How would someone get started dealing in derivatives (I'm playing a
realistic stock market simulation, so it doesn't matter if your
answer to this costs me money)?
If you ask the question, I understand that you are not a professional,
so that your are actually trying to become the one that has money and
zero knowledge in the play I outlined above. I would recommand not
doing this. That said, if you have a good mathematical background and
can program well, once you are confindent with the books of Hull and
Joshi, you can have fun implementing various market models
and implementing trading strategies. Once you are confident with this,
you can also read the articles on quantitative finance on arXiv.org.
And once you are done with this, you can decide for yourself if you
want to play the same market as the guys writing these articles. (And yes, even for the simplest options, they have better models than you have and will systematically outperform you in the long run, even if some random successes will give you the feeling that you do well and could do better.)

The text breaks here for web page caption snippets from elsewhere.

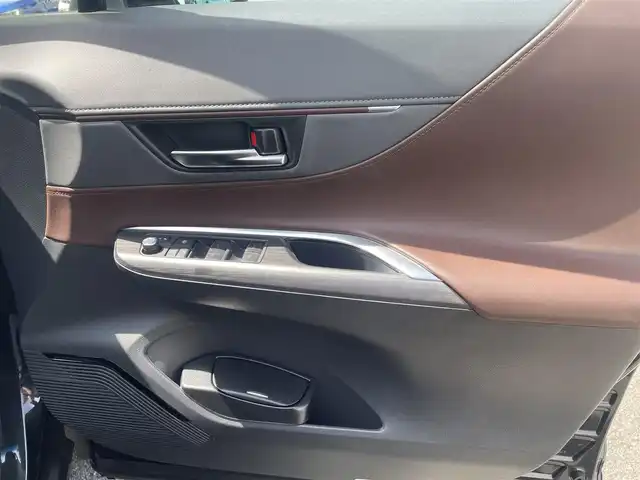 トヨタ ハリアー ハイブリッド Z 神奈川県 2023(令5)年 1.7万km 黒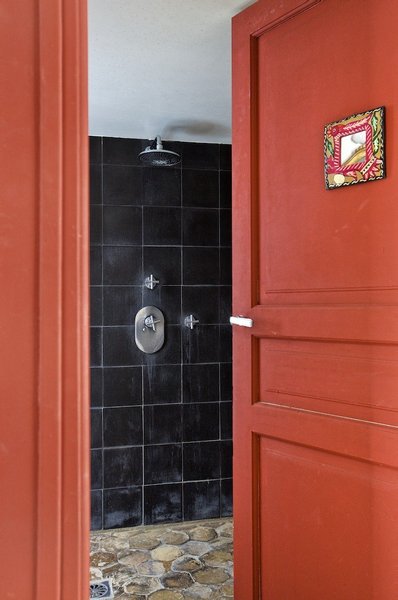 Des matériaux sobres pour une salle de bains très simple ; carreaux, Emery&Cie, tomettes, d’origine.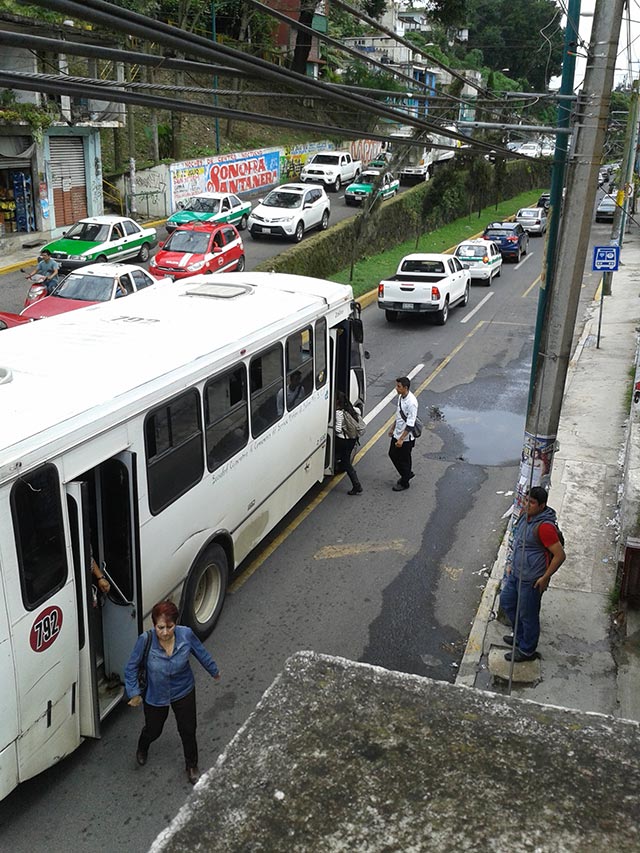 Denuncia que urbanos levantan pasaje a media avenida Rébsamen, en Xalapa -  Al Calor Político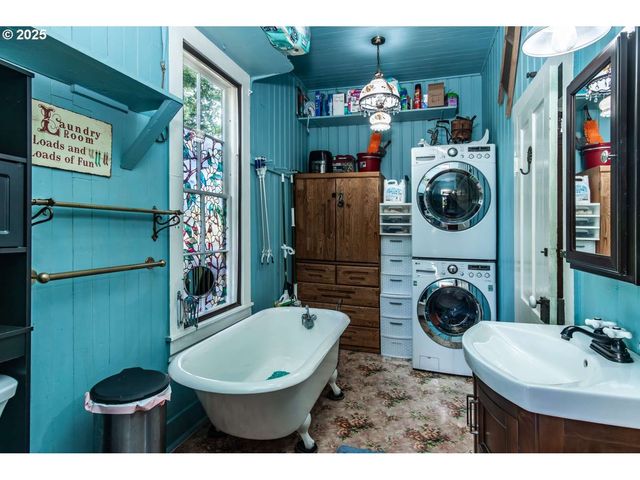 236 Se STEPHENS St, Roseburg, OR 97470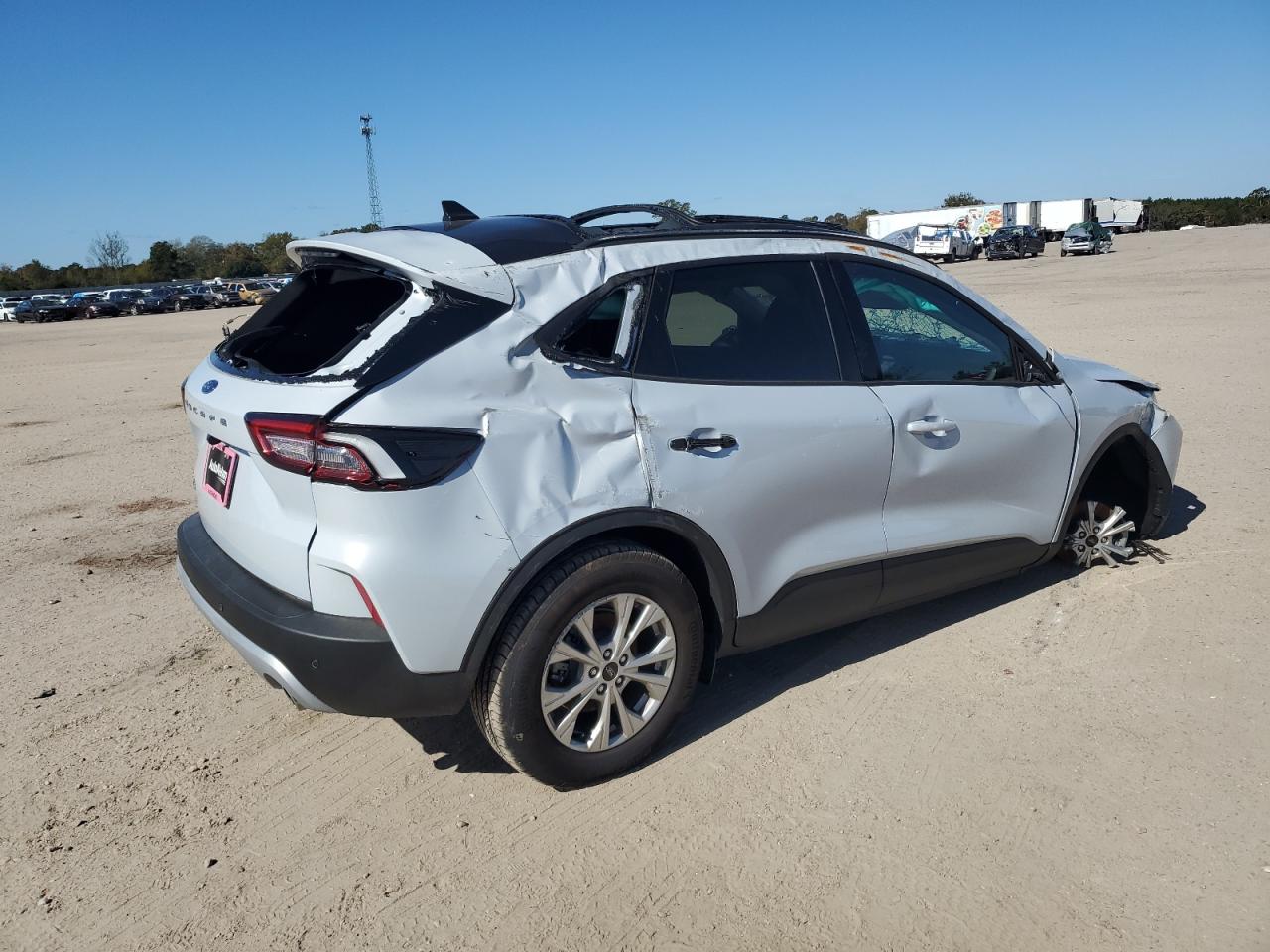 2025 FORD ESCAPE ACTIVE — снимка 3
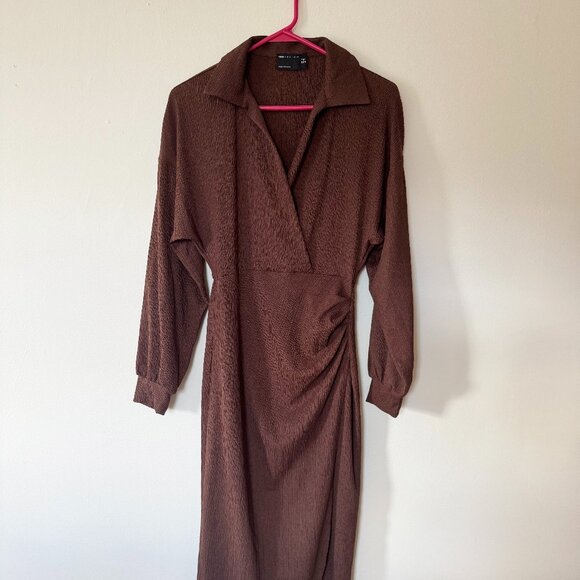 ASOS DESIGN textured collared wrap midi dress in brown - Picture 4 of 7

(indeed, I've made it a personal goal to somehow lose every last cent of my money)
You know your weapons! :)
Derivatives teratology
Future contract
Two parties agree today on a price for one to deliver a commodity to
the other at some future instant. This is a classical future
contract, it can be modified in every imaginable way, usually by
embedding options. For instance one party could have the option to
choose between different delivery points or delivery days.
Option
Two parties write today a contract allowing the one party to buy at
some future time a commodity to the the second party. The price is
written today, as part of the contract. (There is the corresponding
option entitling the owner to sell something.) Unlike the future
contract, only one party can be obliged to do something, the other jas
a right but no obligation.
If you buy and option, your are buying some sort of insurance against
a change of price on some asset.
Credit
This is the most familiar to anybody. Credits can come in many
different flavours, especially the formula to compute interests, or
also embed options. Common options are early settlement options or
restructuration options.
While this is not completely inutitive, the credit works like an
insurance. This is most easily understood from the side of the
organisation lending the money, that speculates that the ratio of
creanciers going bankrupt will be low enough for her to make profit,
just like a fire insurance company speculates that the ratio of fire
accidents will be low enough for her to make a profit.
Credit insurances
This is like a mortgage on a financial institution. Two parties agree
that one will recive an upfront today and give a compensation to the
second one if some third party defaults.
Here this is an explicit insurance against the unfortuante event,
where a creancier goes bankrupt.
Electricity derivatives
One finds here more or less standard options on electricity. But
electricity have delicious particularities as it can practically not
be stored, and fallout is also (usually) avoided.
As for classical options, these are insurances against price moves.
Swaps
A swap is like two complementary credits on the same amount of money,
so that it ends up in the two parties not actually exchanging the
credit nominal and only paying interest one to the other — which makes
only sense if these interests are computed with different formulas.
Typical example are fixed rate vs. EURIBOR on some given
maturity, which we interpret as an insurance against fluctuations of
the EURIBOR, or a fixed rate vs. the exchange ratio between two
currencies, which we interpret as an insurance against the two
currencies decorrelating.
Swaps are the richest and the most generic category of financial
derivatives. The off-the-counter market features very imaginative,
very customised insurance products.
Weather derivatives
The most basic form is the insurance against drought, but you can
image different dangers, and once you have it you can put it in
options, in a swap, etc. For instance, a restaurant with a terrasse
could enter in a weather insurance, paying each year a fixed amount of
money and becoming in return an amount of money based on the amount of
rainy day in a year.
Others
Actually, this list is virtually without limits!